DATA RECORDS
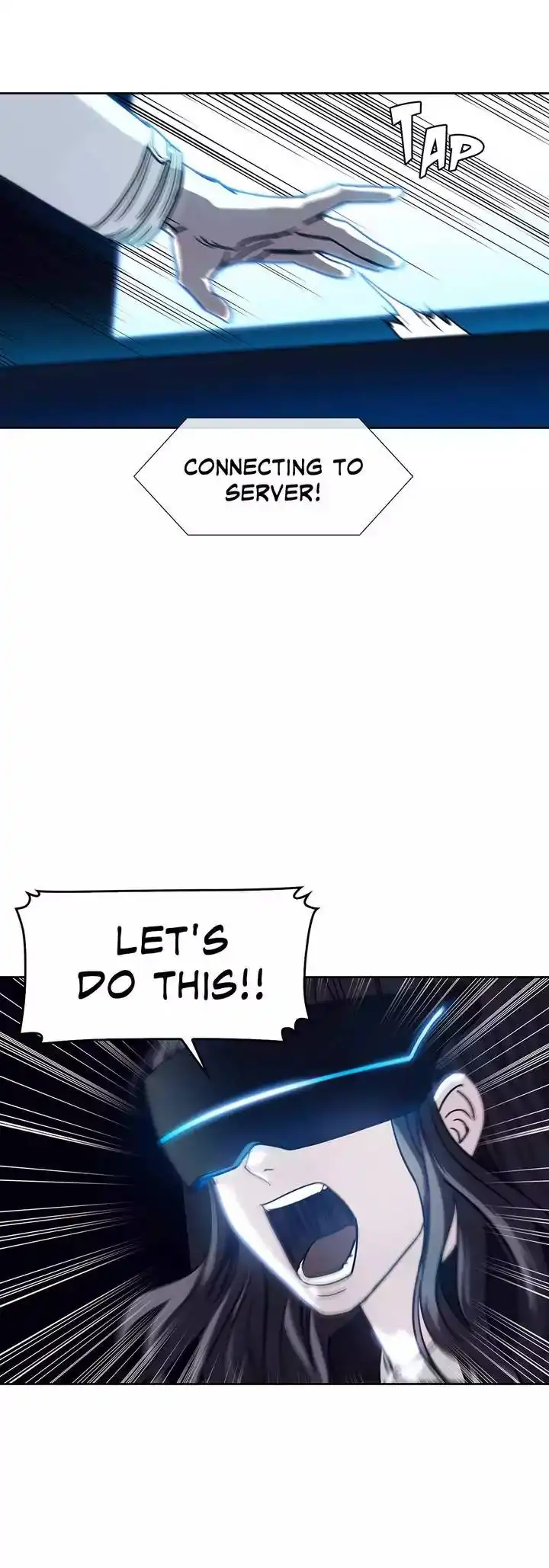 Unknown Code Chapter 51 3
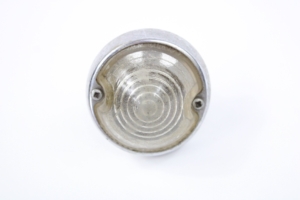 1961-64 Ferrari 250 SWB GTO Carello Turn Signal Indicator Assembly Light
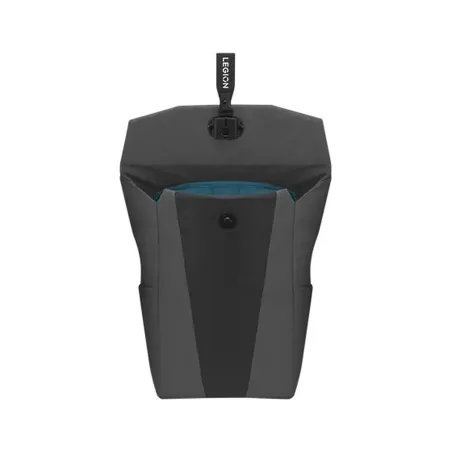 Laptop Backpack Lenovo Legion GB400 Black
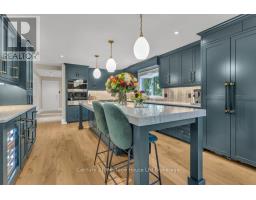 8 TALLWOOD CIRCLE - 9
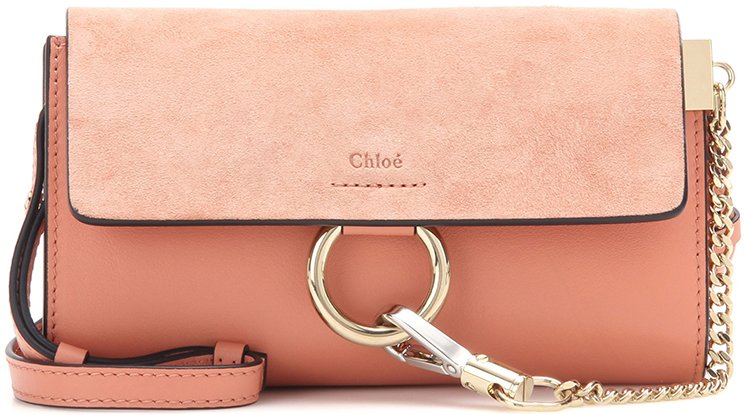 chloe-mini-faye-bag-5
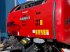 Rundballenpresse del tipo Case IH RB465, Gebrauchtmaschine en Suldrup (Imagen 3)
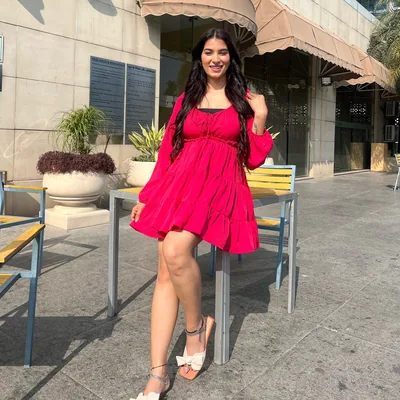 @atiksha_rathi_ profile image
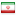 carbalad.com server is located in Iran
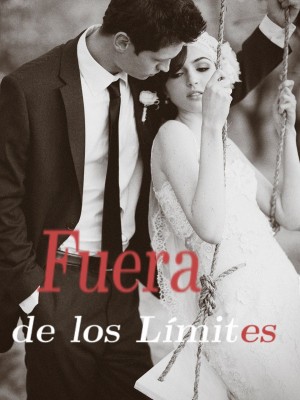 Fuera de los Límites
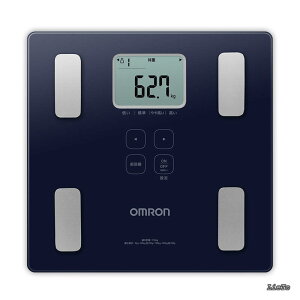 �y���������z�y���������z�̏d �̑g���v �J���_�X�L���� �_�[�N�u���[ KRD-203-DB �����F�� ��邾���ő���J�n ���^�݌v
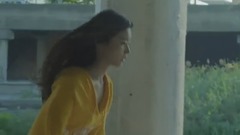 聽著好聽的音樂看小姐姐玩滑板~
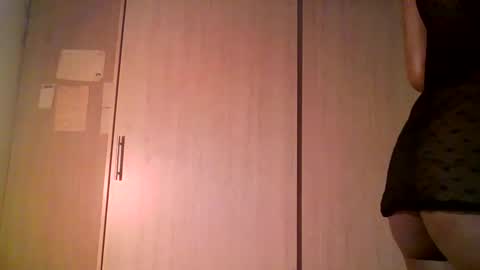silverosequeen online show from September 16, 9:10 am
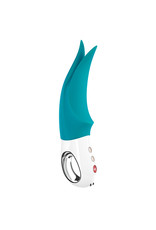 Fun Factory Fun Factory Volta G5 Clitorale Vibrator Blauw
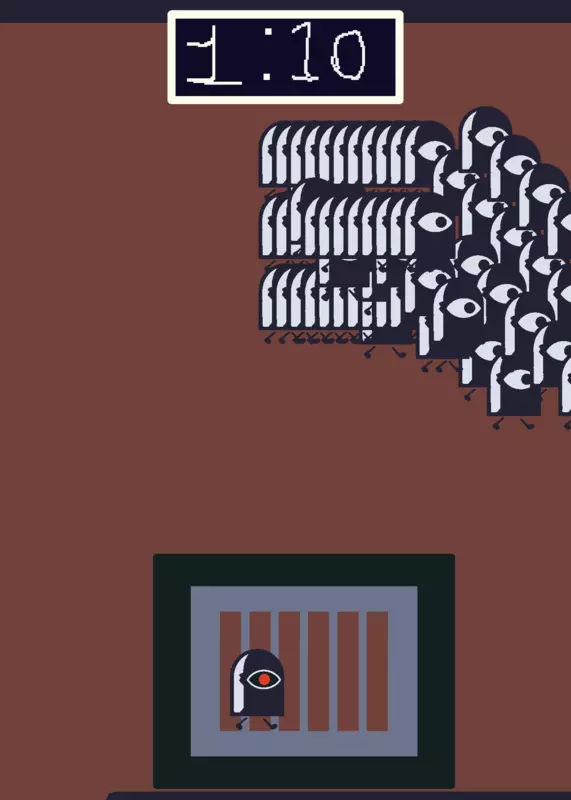 Game by @Skyfueia2025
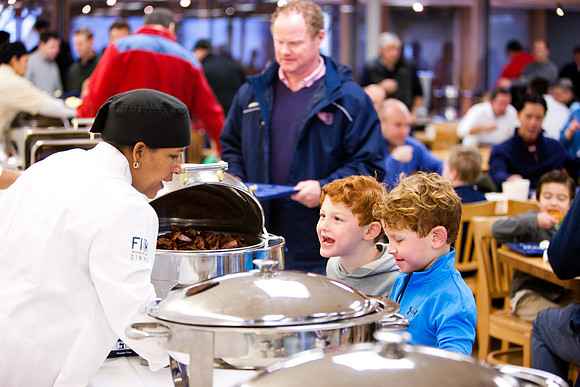 fatherson_pancake_psls_mkras_0016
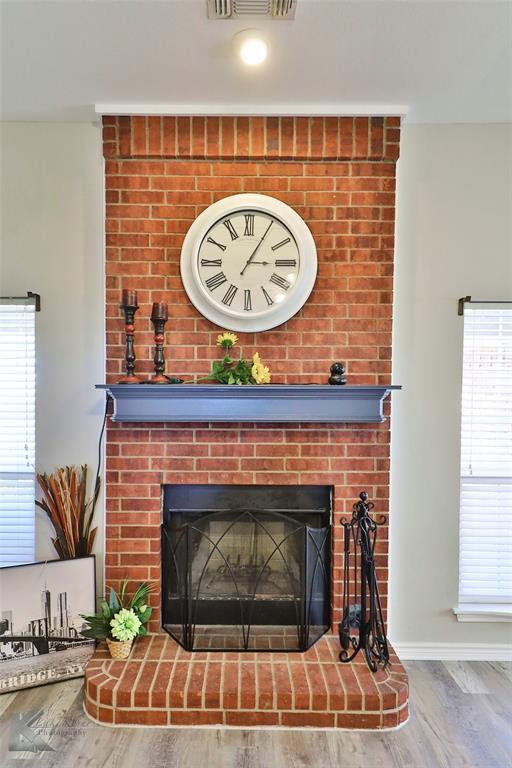 Foto del edificio - 3102 Constitution Ave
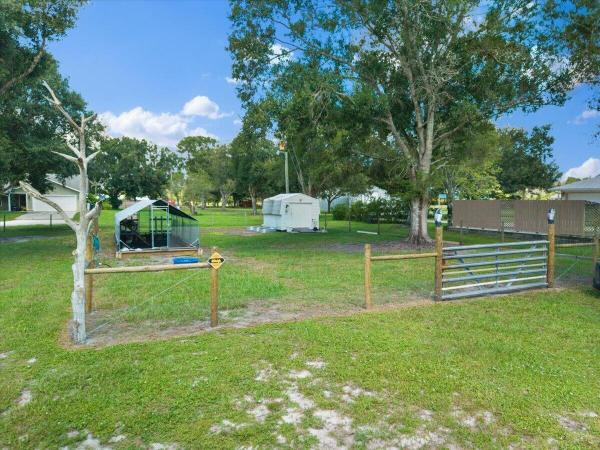 Fort Pierce Gardens, 10880 Heil Rd, Fort Pierce, Florida 34945, image 1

WORK INSTRUCTION
Copy the records above exactly, from the first line through the line containing "fatherson_pancake_psls_mkras_0016", and leave out the pictures.

EXPECTED ANSWER
 Unknown Code Chapter 51 3
 1961-64 Ferrari 250 SWB GTO Carello Turn Signal Indicator Assembly Light
 Laptop Backpack Lenovo Legion GB400 Black
 8 TALLWOOD CIRCLE - 9
 chloe-mini-faye-bag-5
 Rundballenpresse del tipo Case IH RB465, Gebrauchtmaschine en Suldrup (Imagen 3)
 @atiksha_rathi_ profile image
 carbalad.com server is located in Iran
 Fuera de los Límites
 �y���������z�y���������z�̏d �̑g���v �J���_�X�L���� �_�[�N�u���[ KRD-203-DB �����F�� ��邾���ő���J�n ���^�݌v
 聽著好聽的音樂看小姐姐玩滑板~
silverosequeen online show from September 16, 9:10 am
 Fun Factory Fun Factory Volta G5 Clitorale Vibrator Blauw
 Game by @Skyfueia2025
 fatherson_pancake_psls_mkras_0016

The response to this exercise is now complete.